Fermentation Questions & Answers

a.            What defines fermentation? What is fermentation all about?

  • Fermentation is the process by which yeast acts on the sugars and starches in the dough producing carbon dioxide gas and alcohol.

b.            What factors contribute to the rate of fermentation in any given product?

  • Controlling Fermentation requires a balance of time, temperature, and yeast quality and quantity.
  • The temperature of the dough is affected by bakery temperature, flour temperature, machine friction and water temperature, being water temperature is the easiest to control.
  • High percentages of fat and sugar inhibit yeast growth, so sponge method is used, allowing for most of the fermentation can take place before fat and sugar are added.
  • Fermentation can be retarded by refrigeration, or speeded in the proofer, where the temperature and humidity can be controlled and are set higher that room temperature.

c.            Describe any scenarios that you have encountered where you had to actively manage the fermentation rate of your dough or sour.

  • In two occasions I placed the dough I was working on in the fridge to control fermentation. The first time, I placed the challah bread dough in the fridge as I was running late for proofer the cut off. The second time I placed sweet bun dough in the fridge, as I was preparing the dough one day in advance. I should have used half of the yeast amount, but even leaving the yeast amount as in the original recipe the fermentation was slowed by the fridge temperature and I was able to use the dough for the following day’s production.
  • In the previous course, while I was in the bread station I made several loaves of white pan bread, but the team taking care of the proofer, didn’t realize they had forgotten about my bread until it was too late. In that occasion, we used the ovenproofed dough as part of a new recipe. While it seemed we were simply re-purposing the dough, we actually learned that dough was acting in the country loaf recipe similarly as a natural sour in artisan bread recipes.

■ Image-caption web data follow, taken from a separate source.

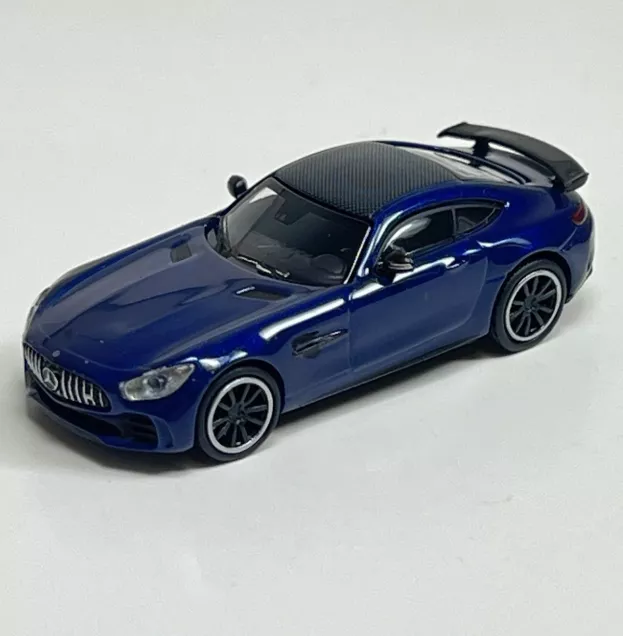 Minichamps Mercedes Gt-r Amg V8 Biturbo 2017 1:87 870037221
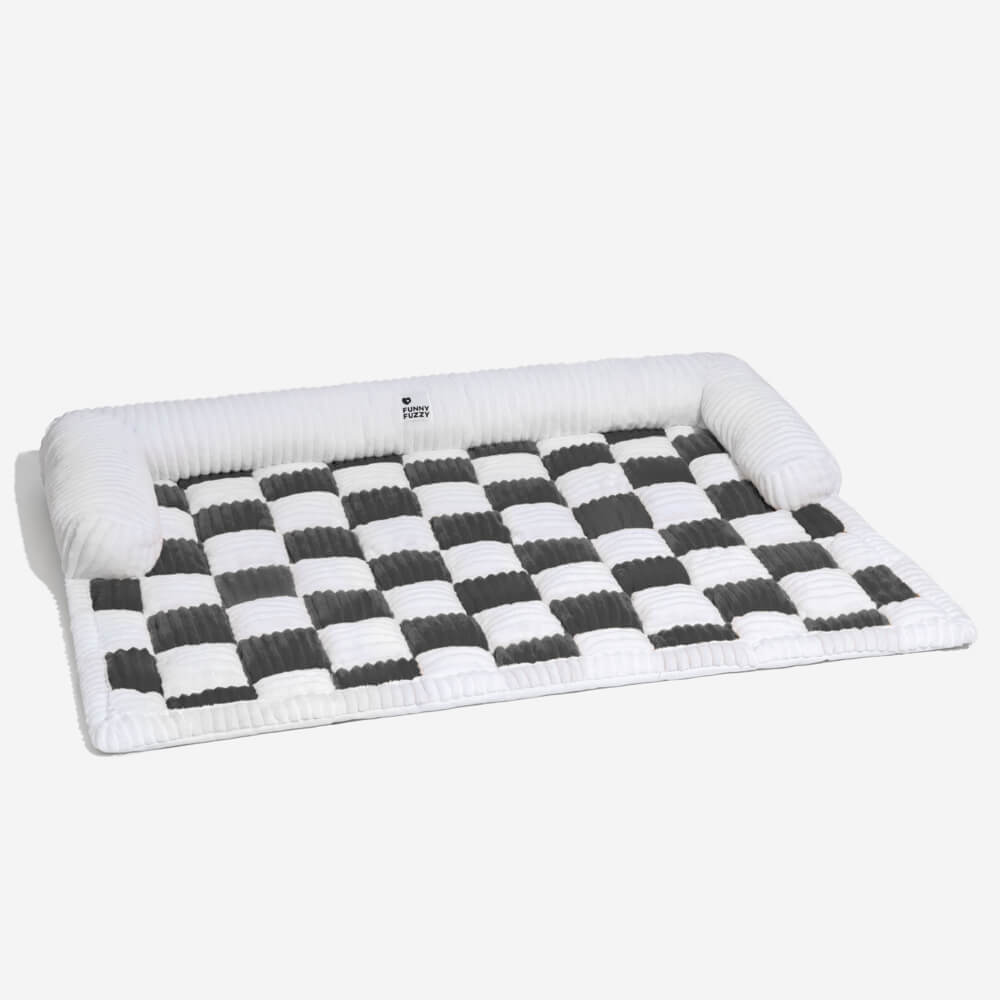 Unisex plaid pet mat, a practical and stylish addition to any pet-friendly home.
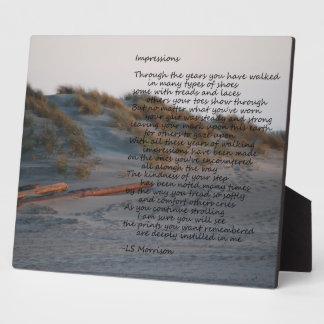 Photo Scène de plage avec plaque poétique "Impressions"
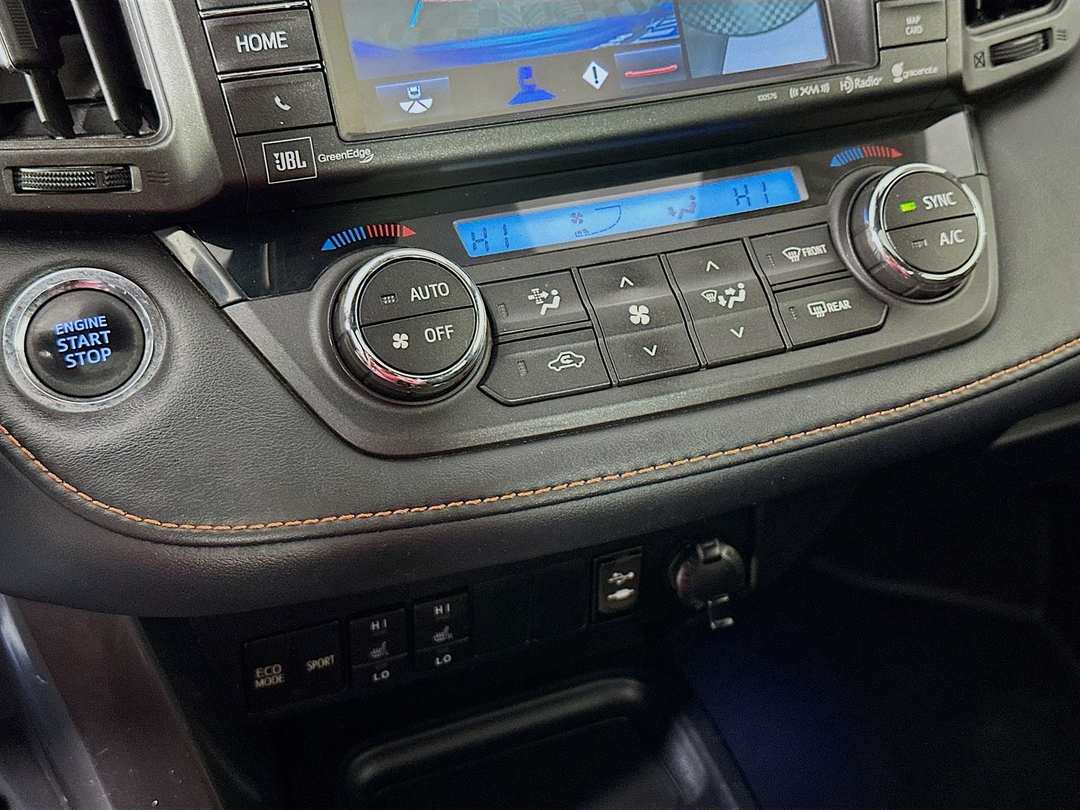 2016 Toyota Rav4 SE - Image 16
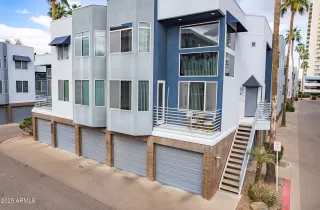 Photo #1: 6919020 Listing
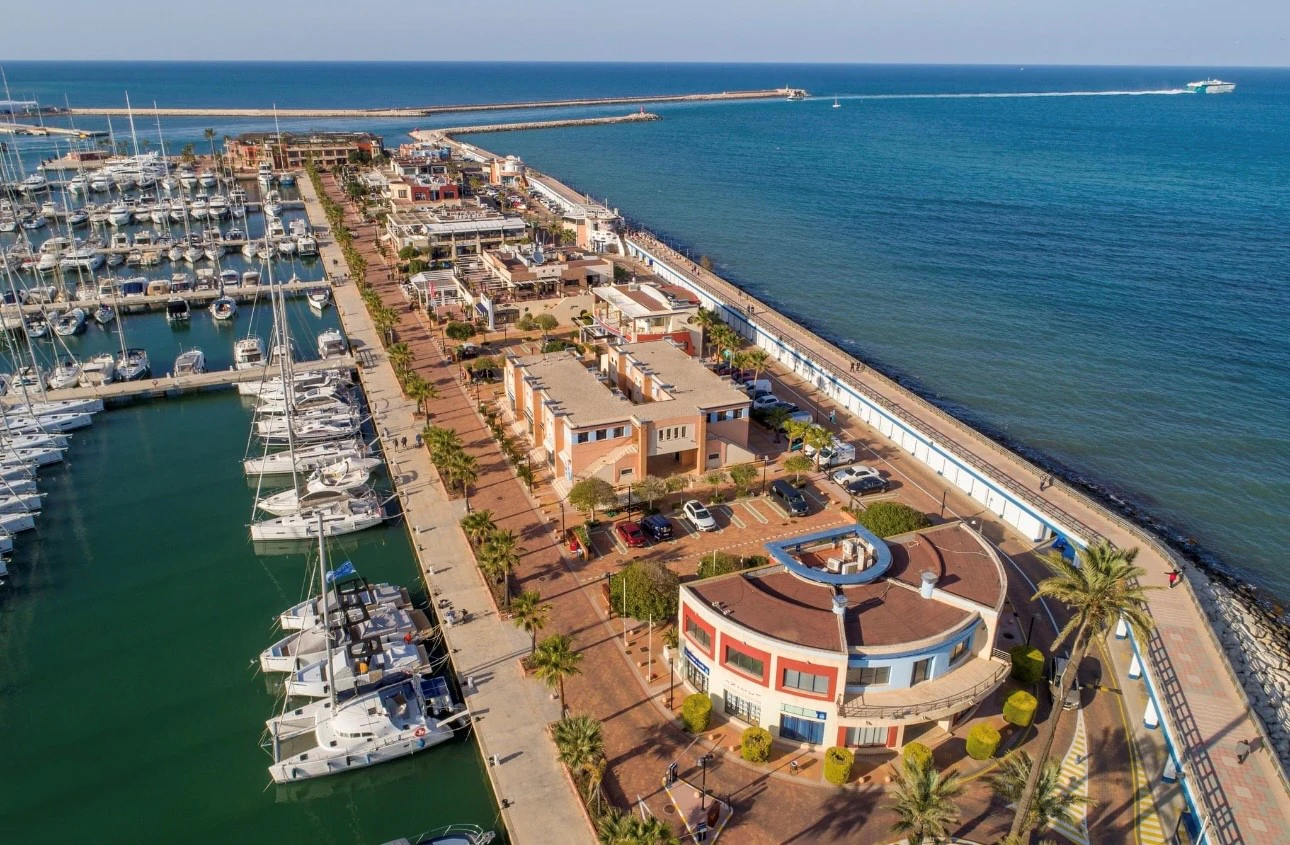 Piso en venta en Denia: vistas al mar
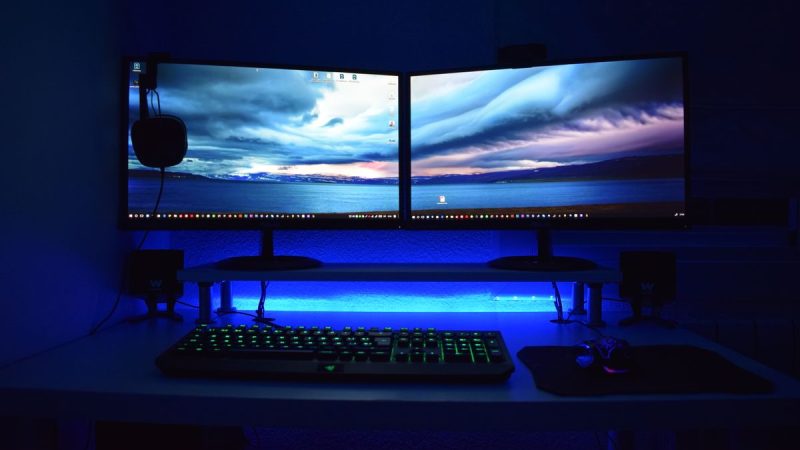 Monitör Nedir? Özellikleri ve Tarihî Gelişimi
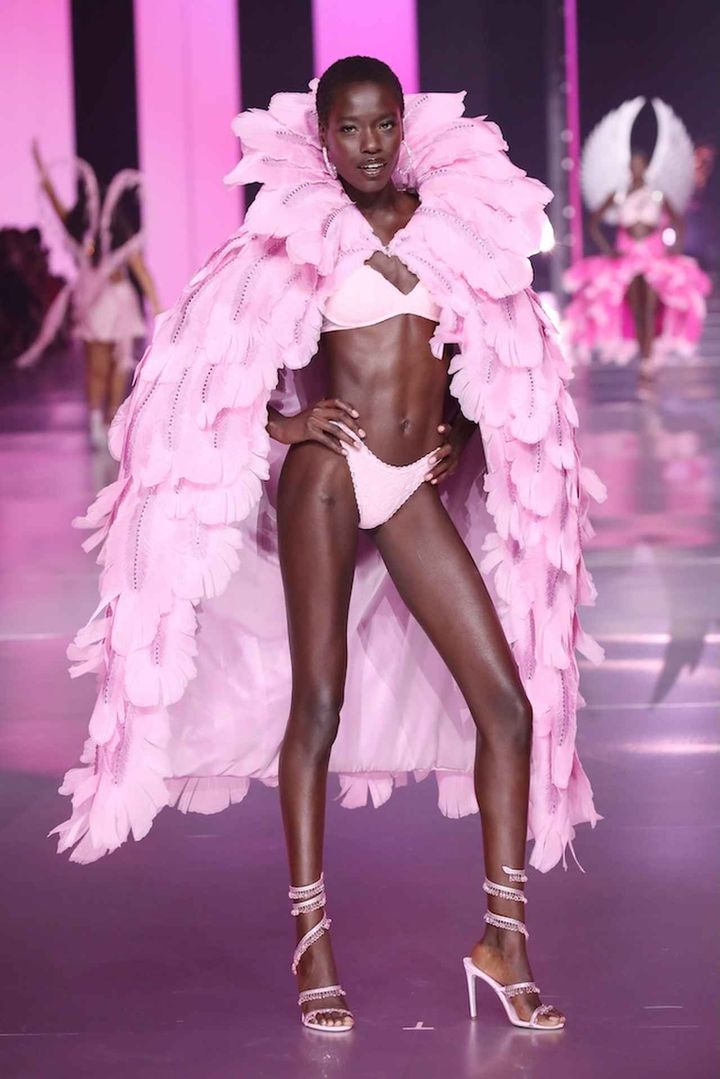 画像: ヴィクトリアズ・シークレットのショーにも登場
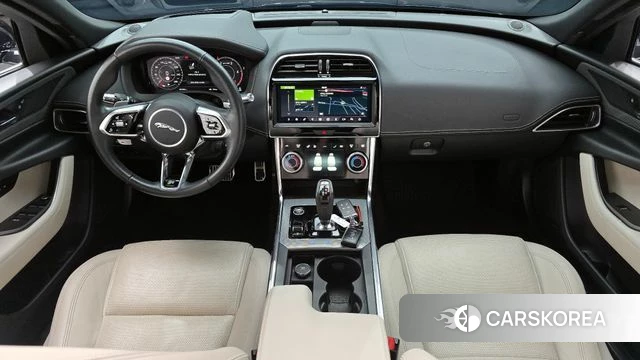 Jaguar XE 2020 Черный из Кореи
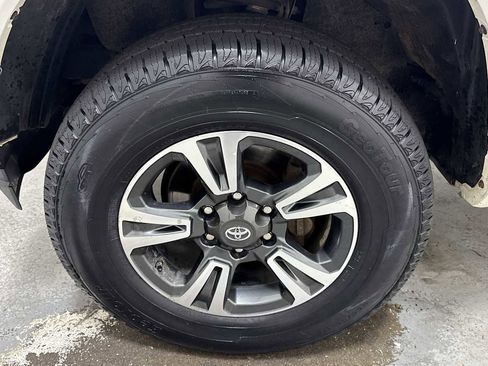 Certified 2018 Toyota Tacoma TRD Sport image 10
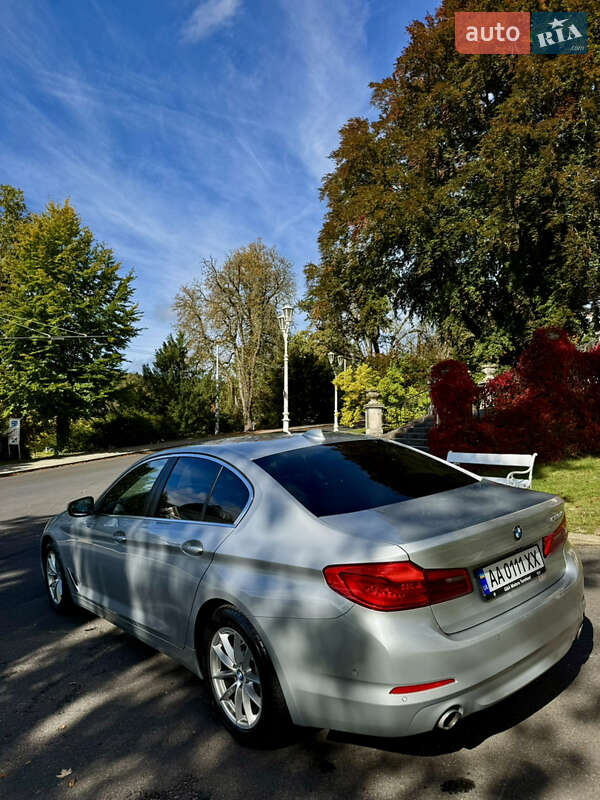 Седан BMW 5 Series 2019 в Киеве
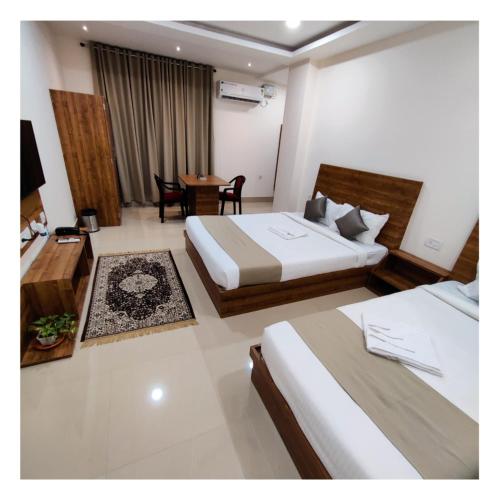 Deluxe Triple Room image 4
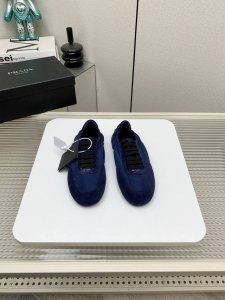 出厂 高版本 Prada 普拉达 25 早春 走秀 休闲 阿甘 德训鞋 出镜率很高的就是这款德训鞋 外形是像芭蕾舞鞋一样的跑鞋，柔软的皮质加上Prada 专属尼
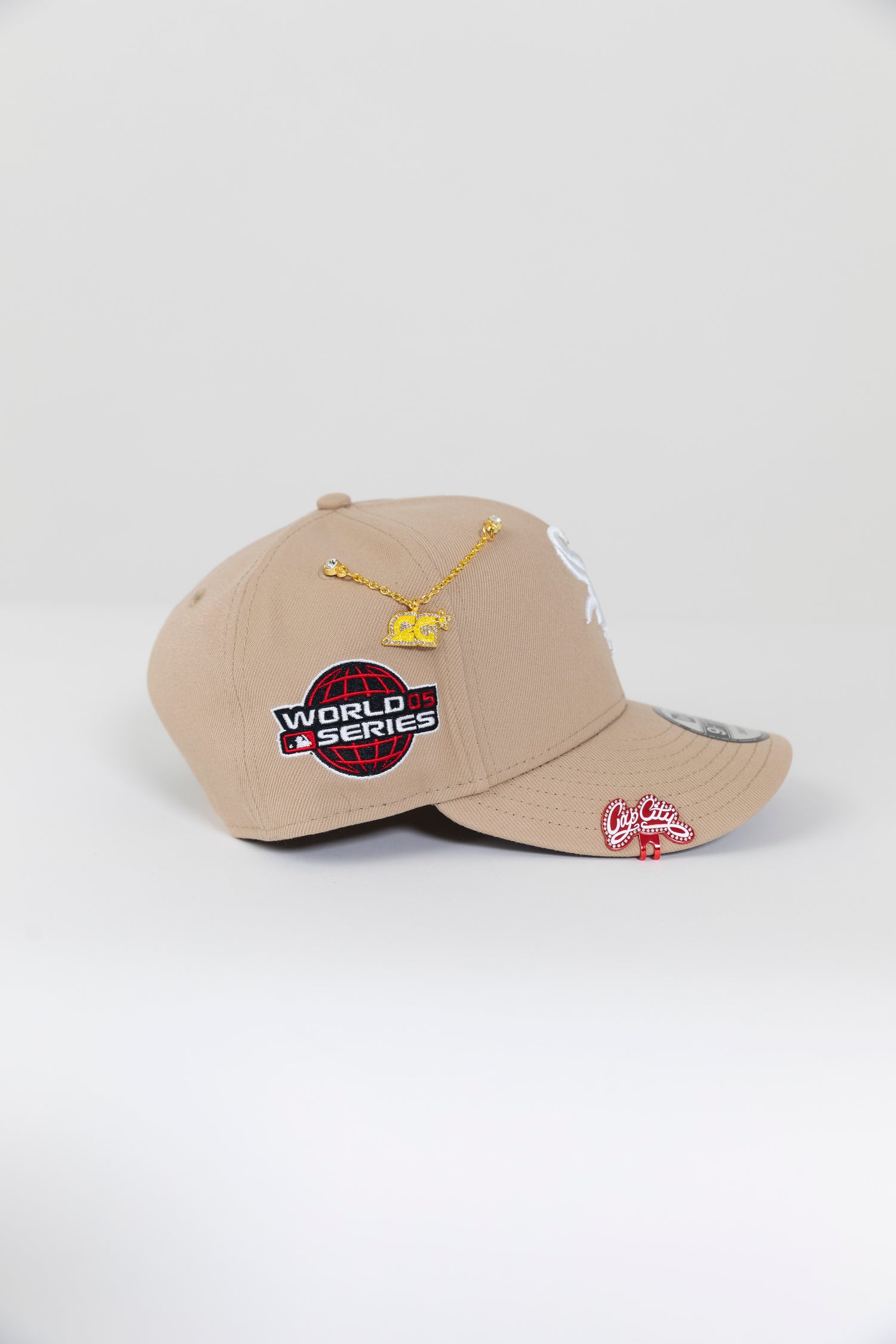 NEW ERA EXCLUSIVE 9FIFTY LIGHT KHAKI CHICAGO WHITE SOX SNAPBACK W/ RED HEART + 2005 WORLD SERIES SIDE PATCH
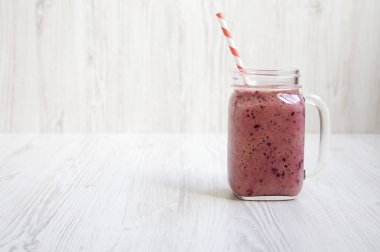 Muz, siyah frenk üzümü, hindistan cevizi m dolu Mason cam kavanoz kupa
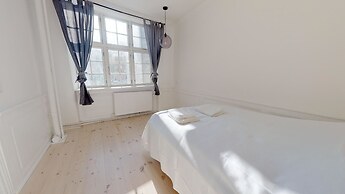 Large and Bright Apartment in Centre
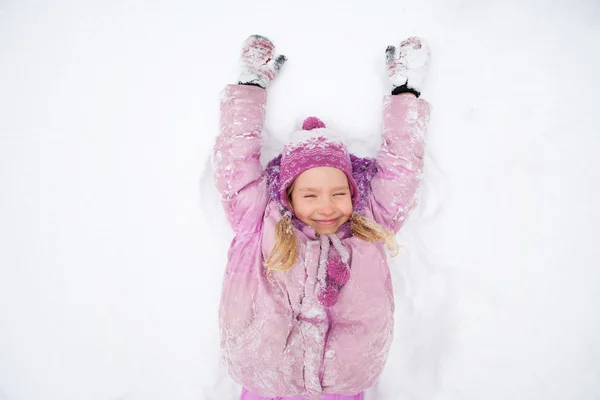 Enfant en hiver — Photo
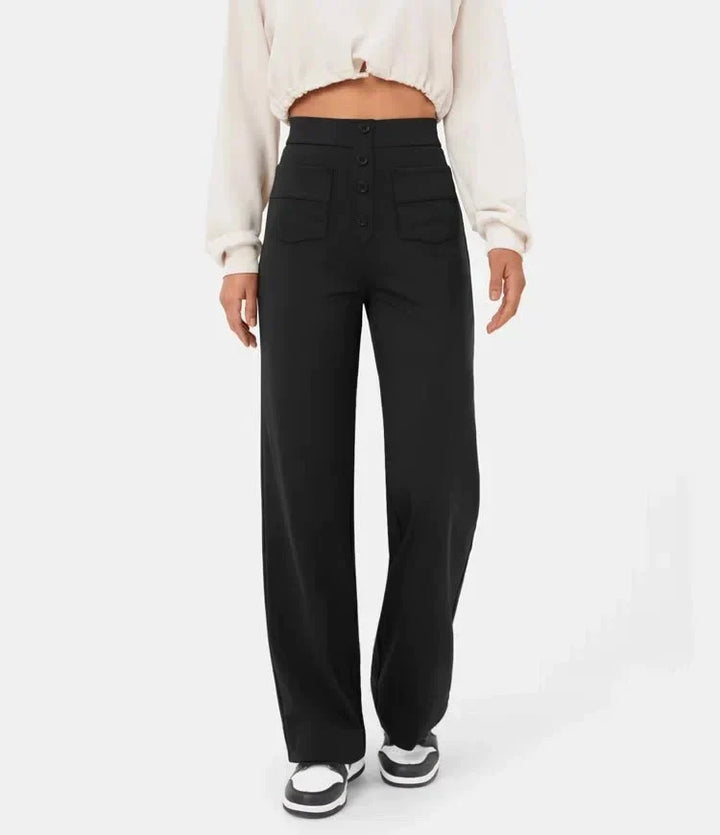 Modèle portant un pantalon femme taille haute extensible boutonné, look quotidien chic.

Reflections: Professionalism, organization… and donuts

This week we had a lot more time in classroom than in the kitchen-lab, what came in handy since this was one of the busiest weeks at Berliosca Cake Boutique. The course was Professionalism & Organization.  We covered since conflict resolution to planning a bakery schedule. We had lots of role-playing opportunities to develop conflict-resolution skills, also tons of discussion time about the dos & don’ts of real life work.

Organization

Usually when writing these reflections, we are asked to write about new things we learned and how we are going to use that knowledge, but having worked for the past 21 years there is not really much than can be new in terms of professionalism.

It was however an opportunity for me to reflect on those 21 years. I thought of every job I had, every boss, and every company. It also made think of when I moved to Canada and all the fears and doubts about my new career path. As a new immigrant I had the opportunity to go through a similar courses sponsored by the government, covering the Canadian work environment, how to write a resume and cover letter, network and mock interviews. I also had access to a career counselour and I still remember her expression when, after going through my resume, she heard my plan was to change gears and start a new career as a cake maker. Funny to remember how surprised people would get about it, some were supportive even if doubtful, most just thought I was plain crazy. And here I am being crazy and happy as the days go by. Only being a little crazy to endure the long hours in this one-woman show I call my cake boutique, but I think my success is just possible because I am passionate about what I do.. But I digress. Back to this week’s course, I find that it was very useful to have it inserted in the early stages of our program.

Since most of my classmates have work experience, especially in the food industry, the topics were covered and the discussions got redundant pretty quickly., so with the extra time we went back to the kitchen-lab to learn how to make donuts, as a preview of next course on fermentation.

It was the first time back in the kitchen in 3 weeks, since last week we were taking care of retail operations at the school’s bakeshop. Funny to see how rusty we got, trying to figure out how to do things.

I have eaten many donuts in my life, but making them was a complete new thing for me. After a quick demo, we had the opportunity to make our own. Then it was time to fry, glaze and eat them. Fresh donuts are really good, especially when you are allowed to get creative and adding chocolate glaze and almonds to your apple fritters 🙂

Donuts Demo

Glazed donuts

We ended up the week with a field trip to one of the largest food industries suppliers in Canada, located here in BC. I had been there several times purchasing items, but it was the very first time in the warehouse.

Field trip

Corridors and corridors of products later, It was time to leave. While for my classmates it was the end of the week and the beginning of the weekend fun, for me it was just the beginning of another workday. Much like the scenarios we were discussing in the beginning of the week.